Qu’est-ce que je pensais du fait de partir outre-mer ? Bon, je savais que c’était inévitable, c’était la raison pour laquelle on s’engageait, parce que en mesurant la situation, comment ça se passait en Europe à ce moment-là, ils avaient besoin de tous les hommes qu’ils pouvaient trouver. Alors je n’avais pas d’inquiétude à propos de servir sur le front.

Bon, sur le chemin, j’ai eu le mal de mer tout le long, alors quand je suis arrivé, je n’étais pas en grande forme. On a fait la traversée à bord de l’Île de France (vaisseau de transport de troupes) et on a débarqué en Écosse, et puis de là on est descendus en train dans le sud de l’Angleterre, où on allait nous garder en tant que réserve.

Mais je n’étais pas lié à une branche particulière de l’armée quand je suis parti là-bas. Je suis allé là-bas pour être gardé comme réserve et la manière dont ça s’est passé, l’officier des transmissions que j’ai fini par remplacer avait été blessé et j’ai été appelé pour prendre sa place, oh, quatre ou cinq jours après le jour J. Alors j’ai fait la traversée de la Manche sur un de ces chalands de débarquement et il a fallu aller jusqu’à la rive à pied.

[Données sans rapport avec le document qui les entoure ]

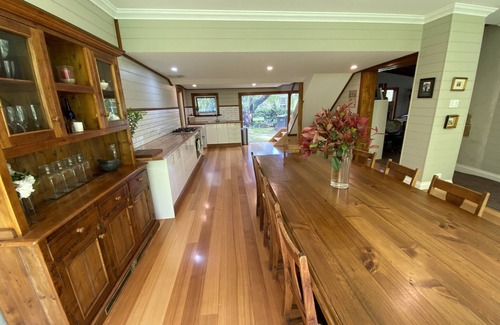 Bowral House | 6 Bed, 4 Bath, 3 Level Renovated Barn, 1400m to Bowral Centre, 320m2, Peaceful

Le chaland ne pouvait pas toujours arriver jusqu’au bord car c’était très peu profond vers la plage. Et il est remonté aussi loin qu’il a pu et puis une espèce de grand hayon devant a basculé, et on a émergé de là. C’était un genre de bateau grand ouvert tout plat qui pouvait contenir à peu près, oh, je pense qu’on était une cinquantaine là-dessus. Et on descendait le long de cette rampe jusque dans l’eau, on en avait jusqu’à la taille, et puis on remontait jusqu’au rivage.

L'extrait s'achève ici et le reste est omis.